Environmental and scientific concerns
The Federal Opposition voiced concerns about the draft plan and environmental groups long worried about the Basin continued to protest. The influential Wentworth Group of Concerned Scientists abandoned negotiations and called for the plan to be withdrawn. The group declared that the revised plan would transfer $20 billion from the Australian community to irrigators while failing to deliver a healthy river system.
Riverina and Murray Regional Organisation of Councils (RAMROC) chairman Terry Hogan welcomed the withdrawal of the Wentworth Group and said he expected 'a more balanced outcome', as a result.
In November 2012 the Murray-Darling Basin Authority presented a final version of the Basin Plan to the Australian Government. It stipulated a return of at least 2750 gigalitres of surface water to Basin rivers and wetlands, mainly through the building of new, more efficient irrigation infrastructure.
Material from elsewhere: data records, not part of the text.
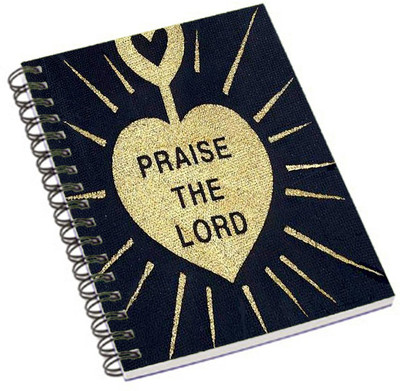 

Shopmania A5 Notebook(Designer-NB-323, Multicolor)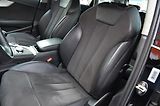 Audi A4 (2017) 2.0 TDi 110kW / NAVI / XENON - náhled 19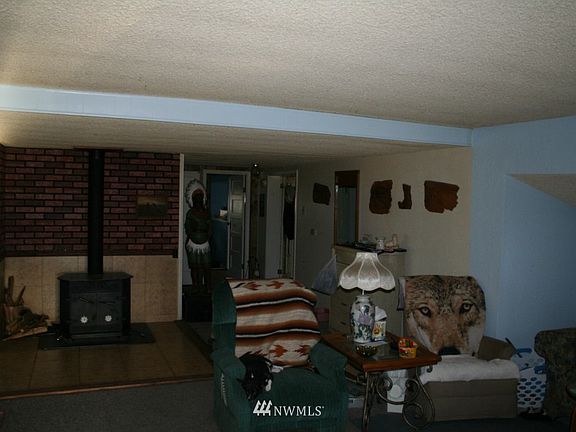 3rd image of 190 Benson Creek Road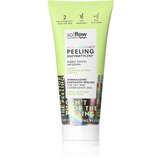 SoFlow Normalizing globinsko čistilni piling za mastno kožo 75 ml | Shoptok.si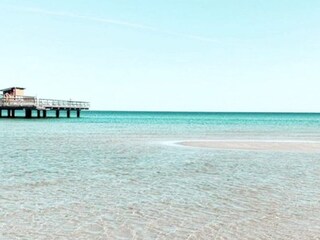 Casa per le vacanze Borgholm  7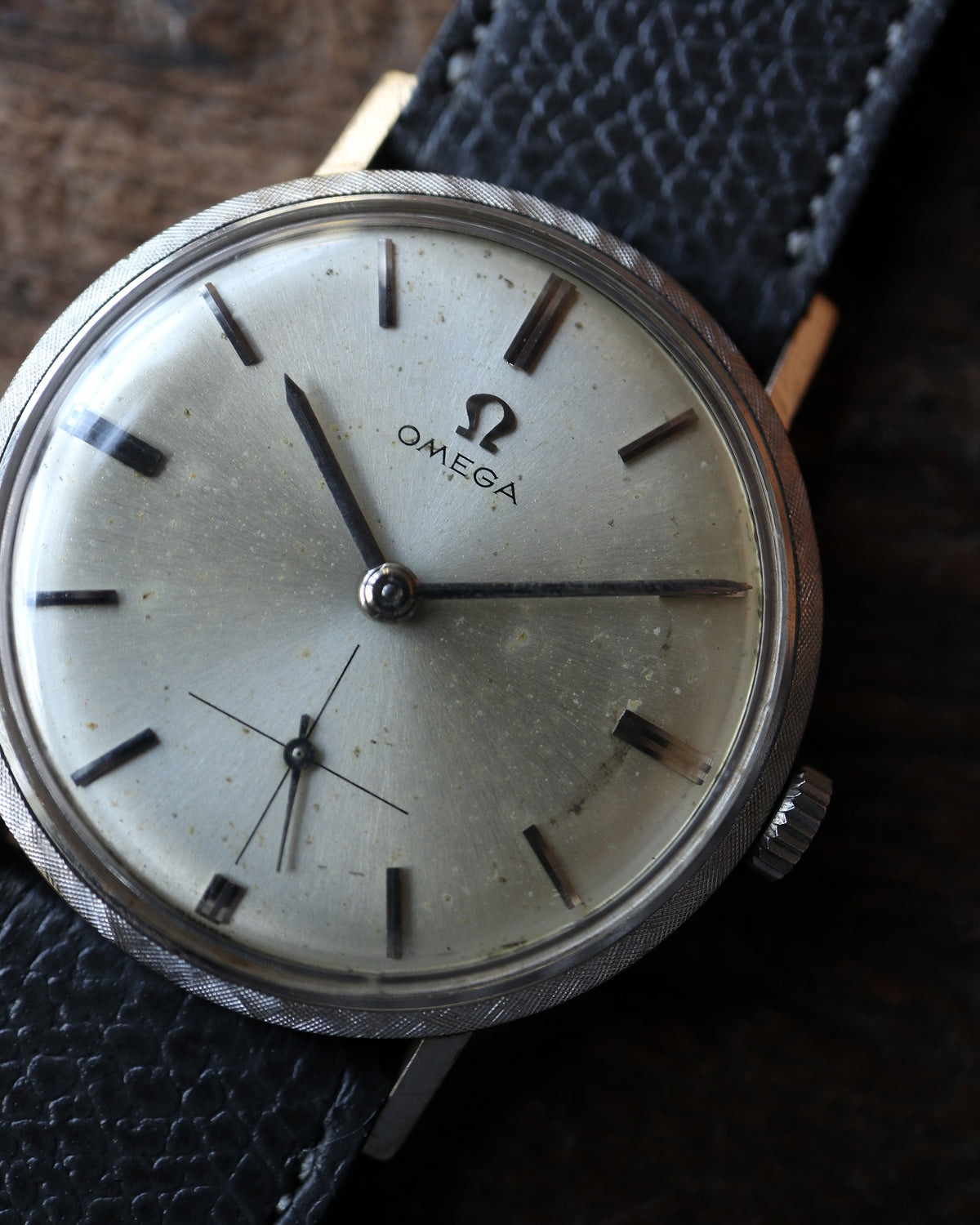 OMEGA_Ref.H6550_14K WG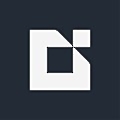 Milliman UK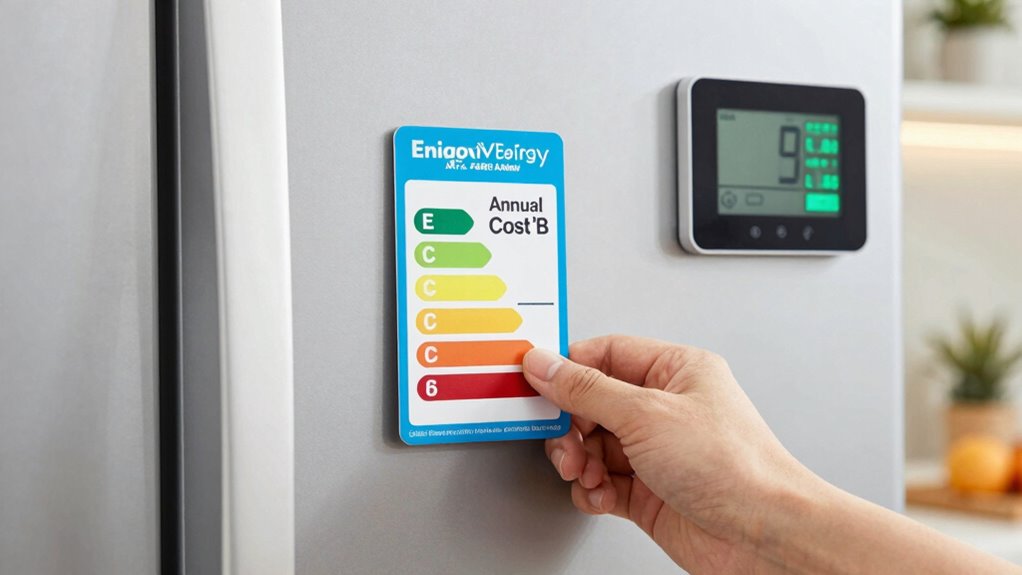 accurate usage and rates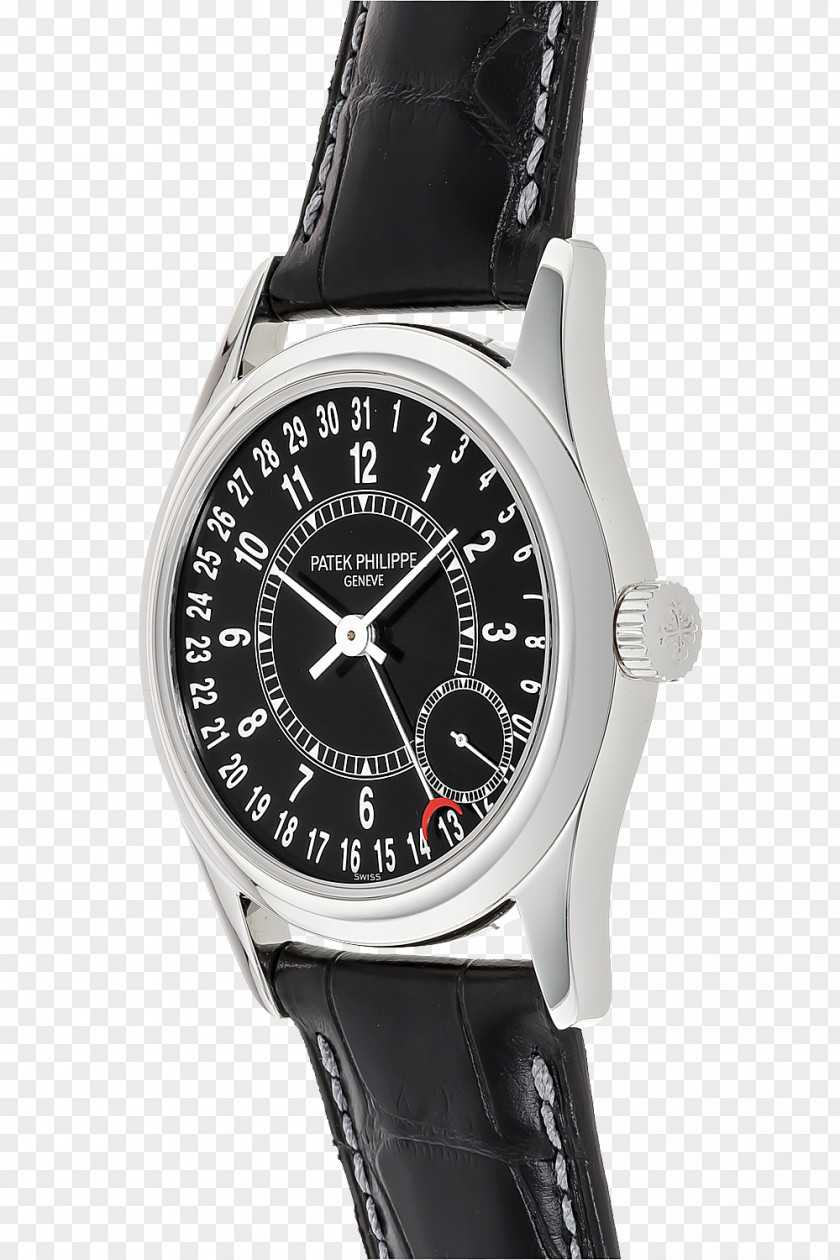 Off White Brand Watch Strap Calatrava Patek Philippe SA Shopping PNG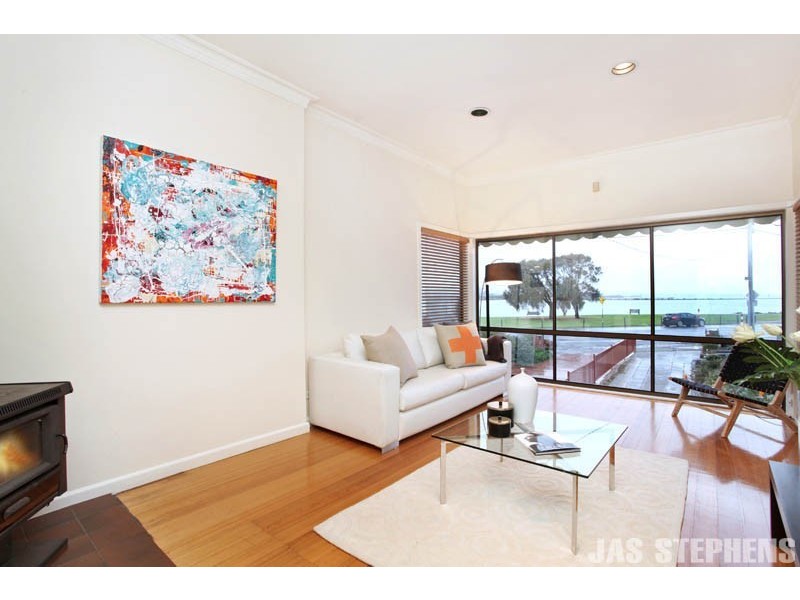 72 The Strand, Newport VIC 3015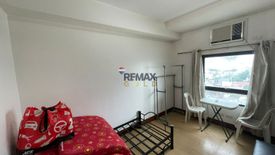Condo for sale in Studio Zen, Barangay 33, Metro Manila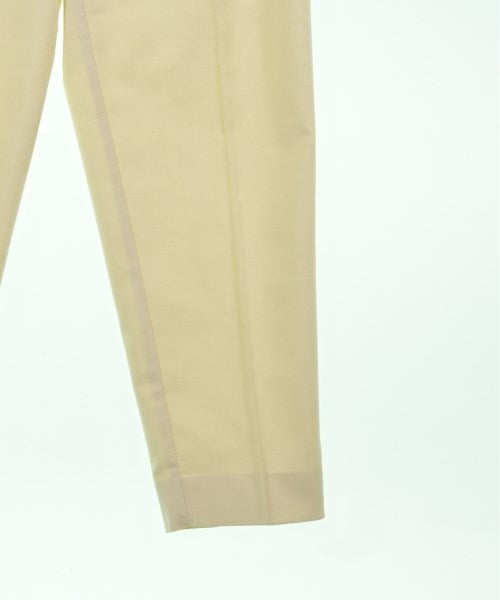 Spick and Span กางเกง อื่น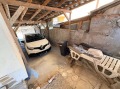 Продава  Къща област Благоевград , с. Долно Драглище , 132 кв.м | 93626363 - изображение [17]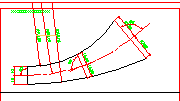 SYMMETRY-RESPECT-ARCH-PJH.dwg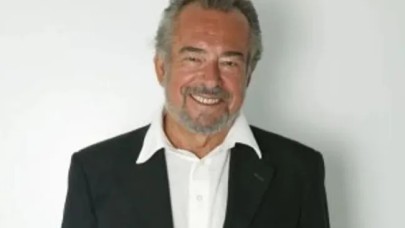 Türk basınının efsane ismi Güneri Civaoğlu'ndan kötü haber. Güneri Civaoğlu kimdir?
The Commonwealth Parliament signed the revised Basin Plan into law on 22 November 2012.
A record of protest
The Murray-Darling Basin Authority acquisition builds on the Museum's collection of protest material. This includes the Bob Brown collection of material linked to Brown's environmental protests in Tasmania, the Kristina Tucker collection of protest clothing from the National Apology to Forgotten Australians and Former Child Migrants first anniversary protest in Canberra and a collection from the Movement Against Uranium Mining from the 1980s.